The original painting(s) published on
this
page is(are) for sale.
Larger photographs are available upon request.
Since 2007, the minimum
price of a framed
painting
has
been
EURO 50,000~please use the prevailing
bank rate "of the day"
to calculate the
exchange rate~or e-mail for more information.
If interested in a purchase, or to obtain more
information,
please contact the artist: saku@isaacfalconer.com.
Commissions are sometimes (but not always) accepted
~at the artist's discretion.
Giving
Birth to a Dancing Star ©2009
Falconer/Gunasegaram
6¾" x 8¾" (17
x 22 cm) experimental photographic print [this IS the original piece]

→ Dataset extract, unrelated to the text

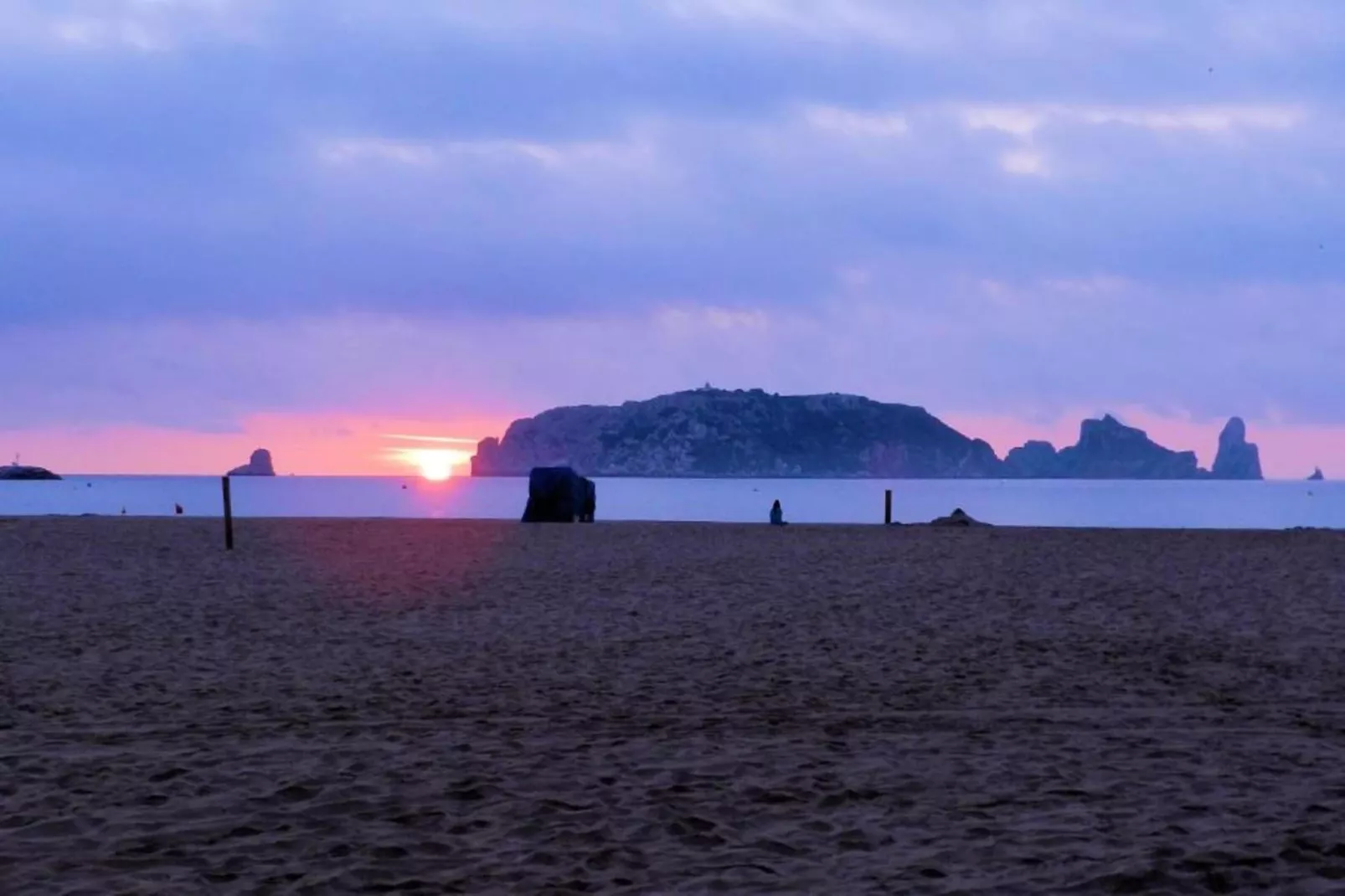 CAP CASTELL 8-A-Areas summer 1km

"Dancing Star" is perfectly wonderful!
I look at it and think, You've moved into a new phase, or perhaps
discovered a new vocabulary. Funny, isn't it? that an English
professor doesn't himself have the terminology for your work. I
think that's good because it means that your work is original,
unclassifiable, beyond normal categories. "Dancing Star" seems to
me to have deeper colors, more passionate hues. And that strip
down the middle represents at least part of what I mean by your new
language. You've done one or two works before with words, but
this time you're elemental. When you're at your best--as you are
here--you express the deepest core of your personality. You
bypass the usual categories of thought and the usual languages of
painting to discover your own formulas of expression. I don't
think many artists, in any media whatsoever, ever do that. And I
also think that it's the holy grail of what artists have been reaching
for since the beginning of the Romantic movement. Each truly
exceptional artist finds her own singular "dancing star." Most
artists never manage to make the long journey to the star. It's a
deep, indwelling source of inspiration that you seem to be able to
tap. I can see why it took you a long time. The work had to
grow until it was ready for birth.
At least this is how I understand the whole process.
Your work really presents the viewer with forces that aren't easy to
confront. I don't mean that your paintings are frightening.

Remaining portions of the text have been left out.